Wherever pictures appear in the listing below, leave them out, and copy exactly, and only, everything from the line with "Вид на саркофаг" down to the line with "瀘縣水庫開閘放水，自流灌溉8萬畝稻田(圖3)".

Start of Input

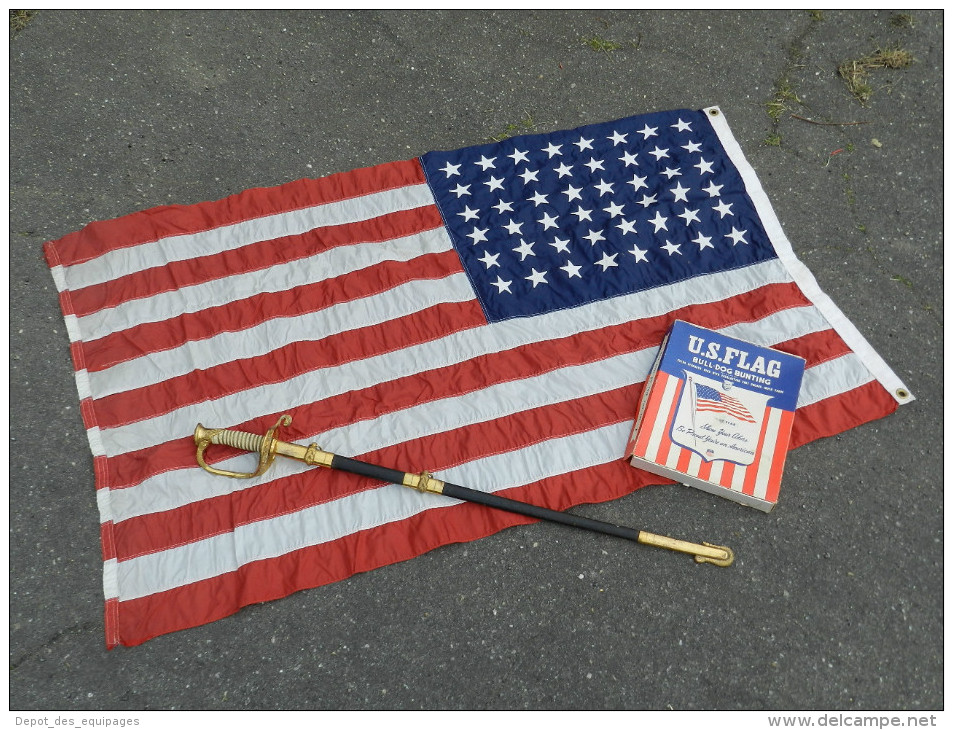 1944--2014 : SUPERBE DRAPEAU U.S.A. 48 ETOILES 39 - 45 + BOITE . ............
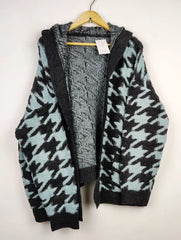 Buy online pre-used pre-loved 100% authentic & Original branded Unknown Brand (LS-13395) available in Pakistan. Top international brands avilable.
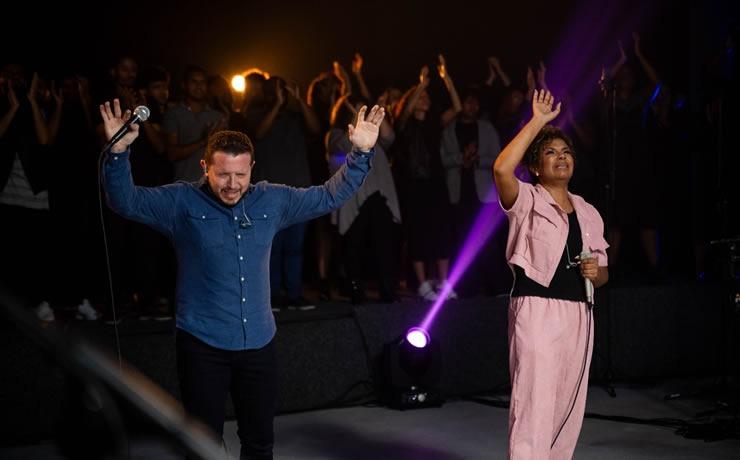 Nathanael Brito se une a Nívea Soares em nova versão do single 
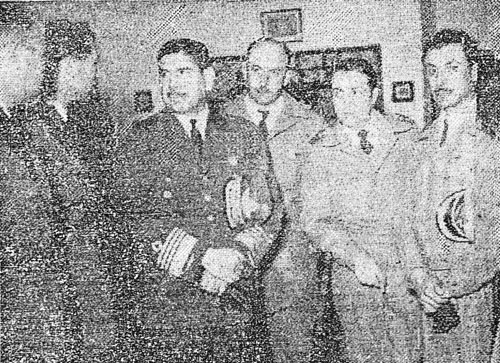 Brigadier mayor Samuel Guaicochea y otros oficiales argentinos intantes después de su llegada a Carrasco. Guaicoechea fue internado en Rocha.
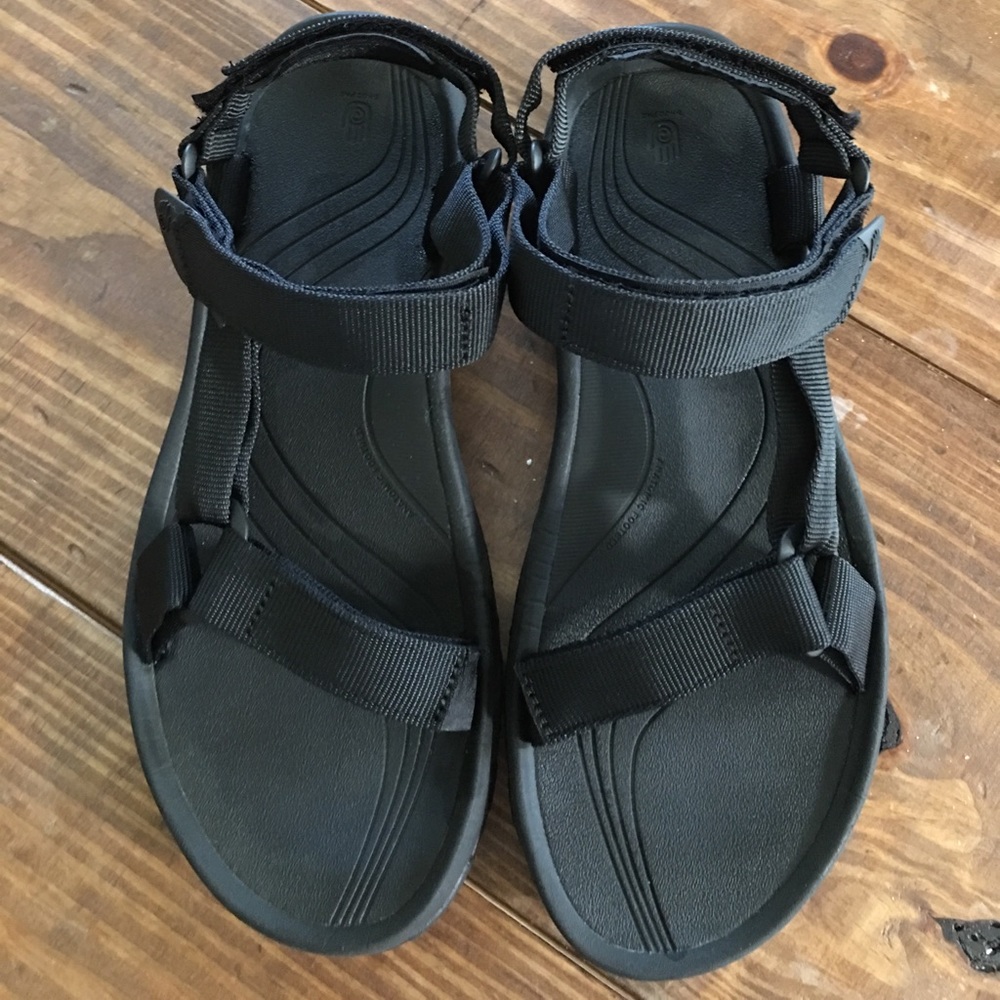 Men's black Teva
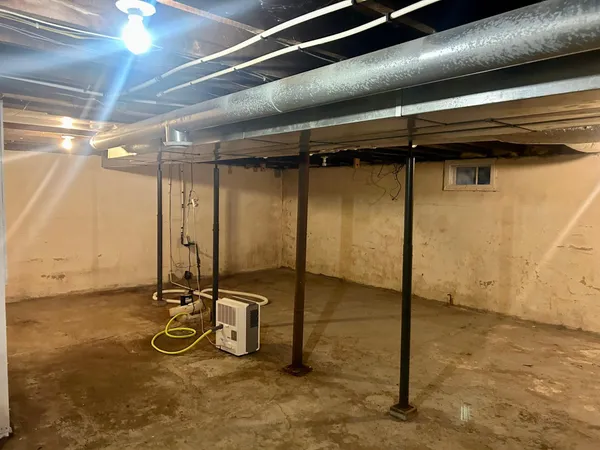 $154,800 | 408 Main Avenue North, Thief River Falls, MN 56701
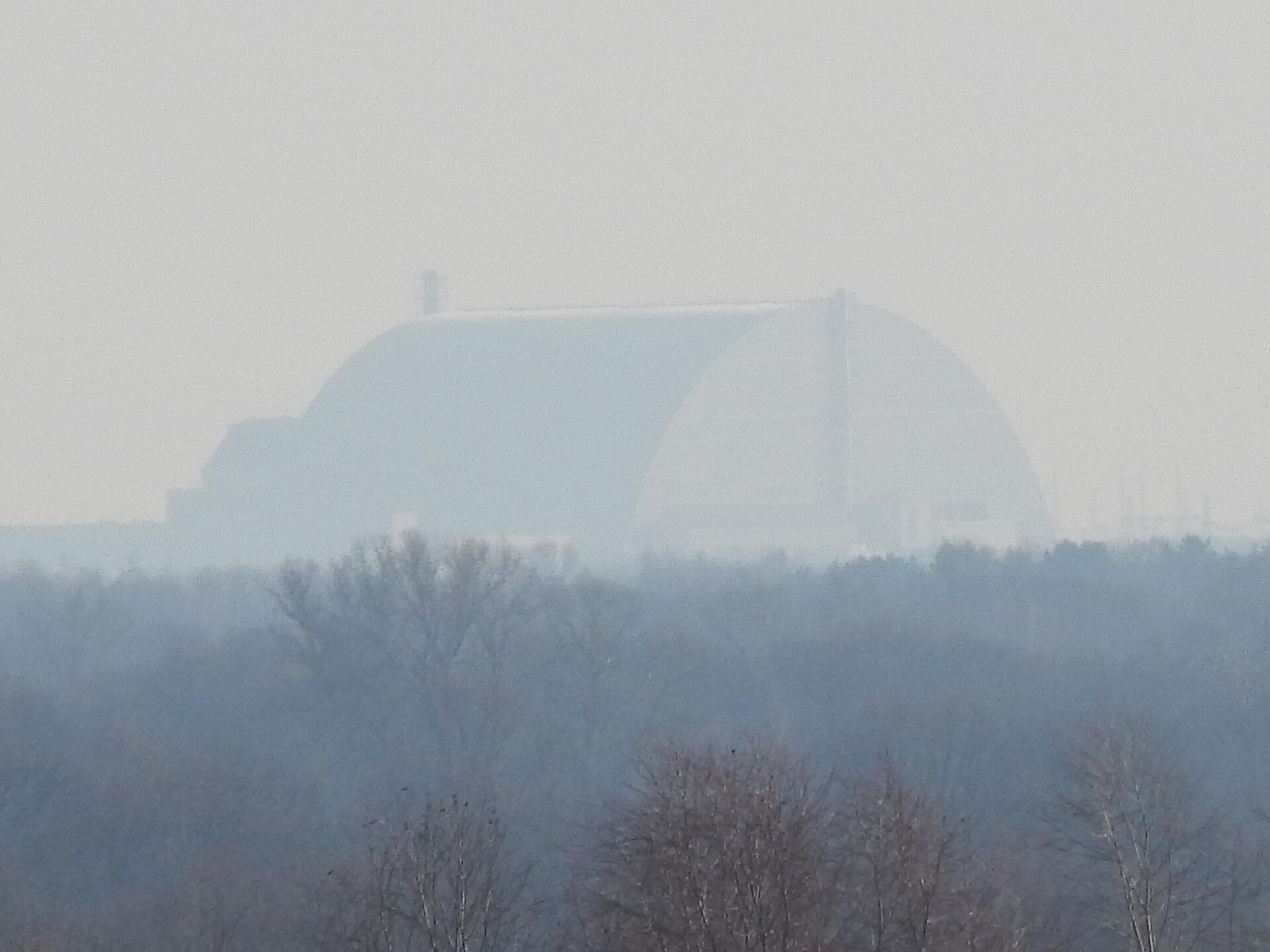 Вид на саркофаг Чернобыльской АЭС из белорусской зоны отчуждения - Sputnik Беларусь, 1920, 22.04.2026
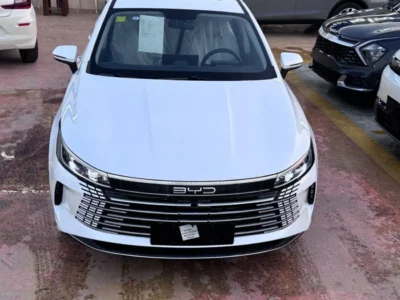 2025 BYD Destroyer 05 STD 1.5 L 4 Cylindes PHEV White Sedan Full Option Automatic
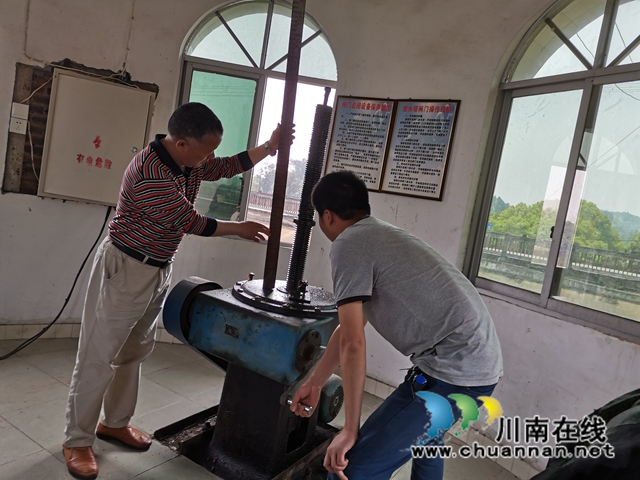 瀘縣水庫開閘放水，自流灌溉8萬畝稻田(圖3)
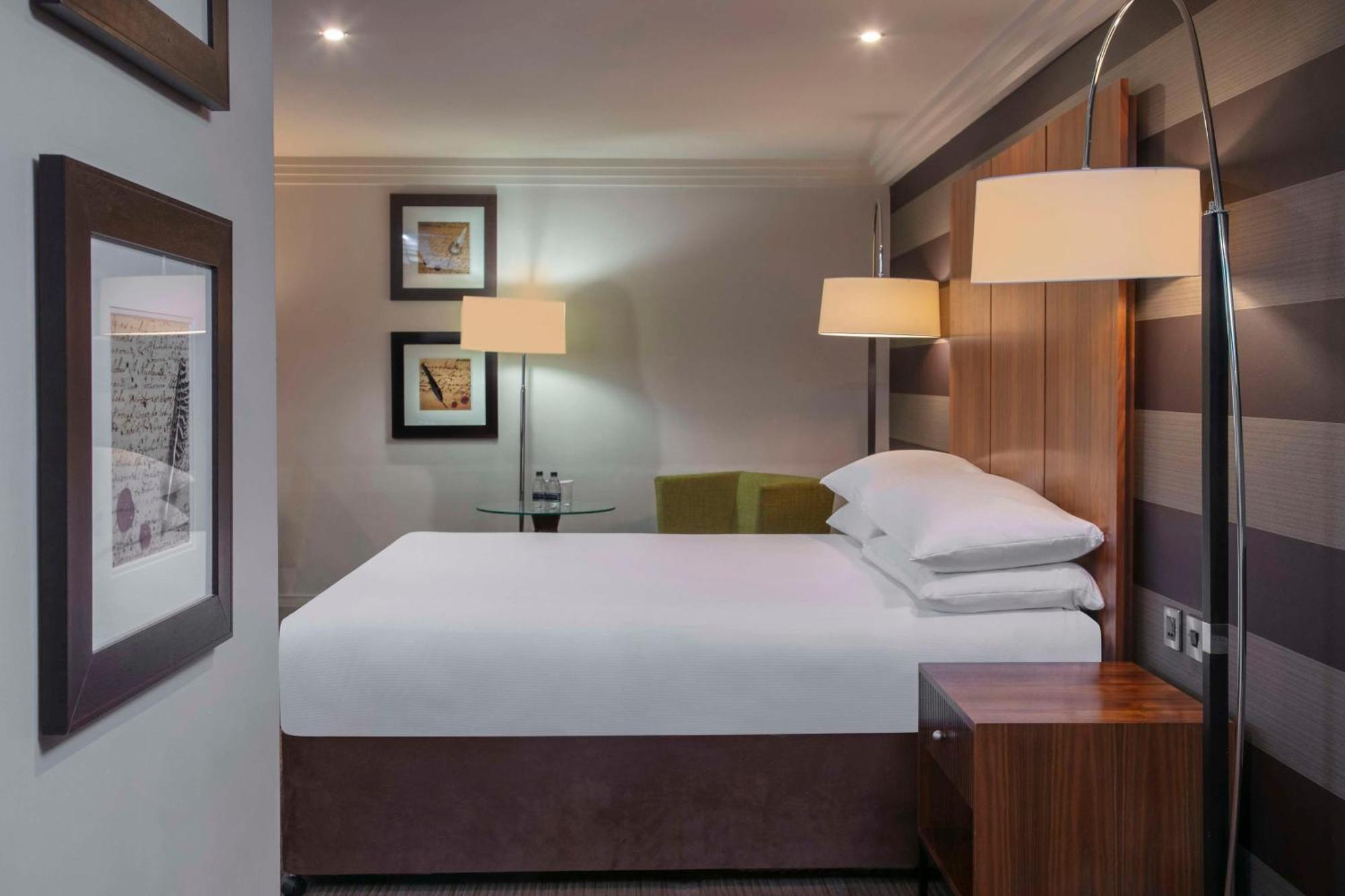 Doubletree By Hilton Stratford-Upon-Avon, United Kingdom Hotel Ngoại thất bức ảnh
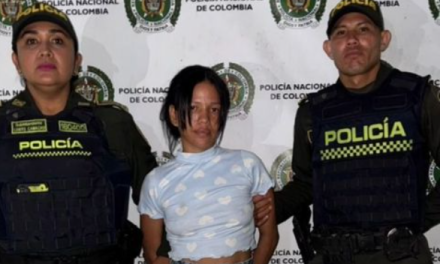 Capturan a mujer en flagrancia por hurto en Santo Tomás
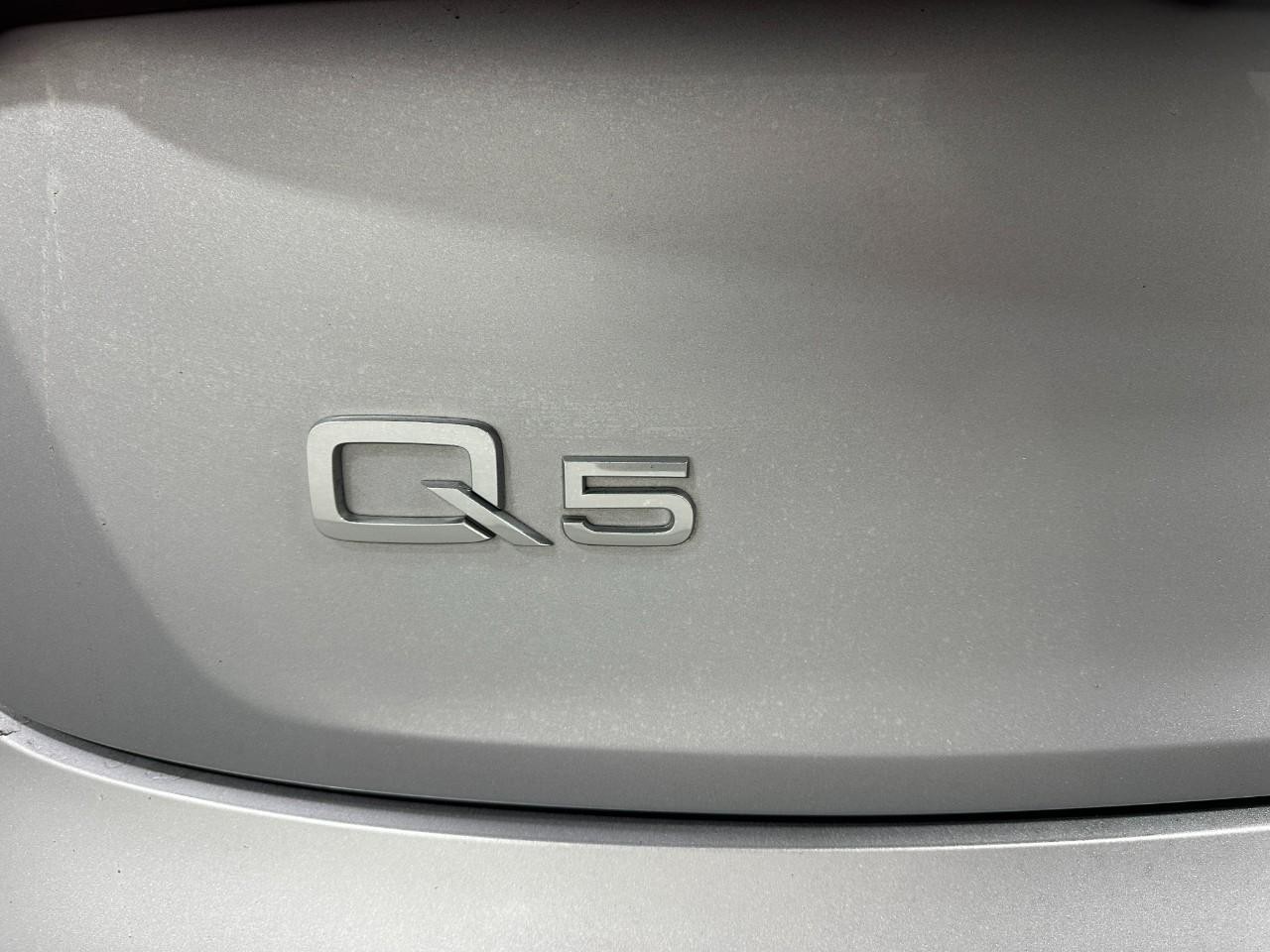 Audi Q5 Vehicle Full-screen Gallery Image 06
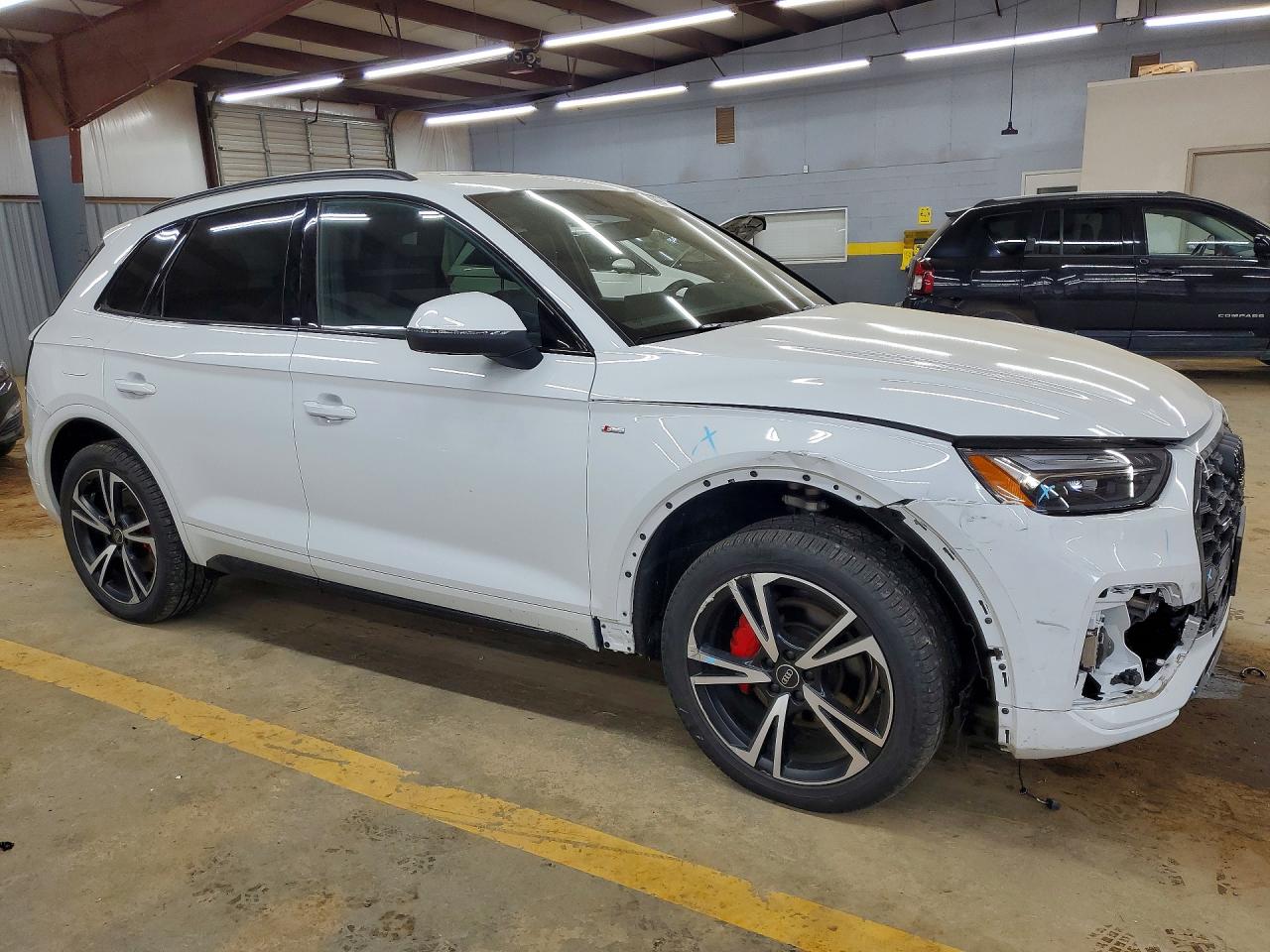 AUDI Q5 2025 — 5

End of Input

● **Answer to this exercise**
 Вид на саркофаг Чернобыльской АЭС из белорусской зоны отчуждения - Sputnik Беларусь, 1920, 22.04.2026
 2025 BYD Destroyer 05 STD 1.5 L 4 Cylindes PHEV White Sedan Full Option Automatic
 瀘縣水庫開閘放水，自流灌溉8萬畝稻田(圖3)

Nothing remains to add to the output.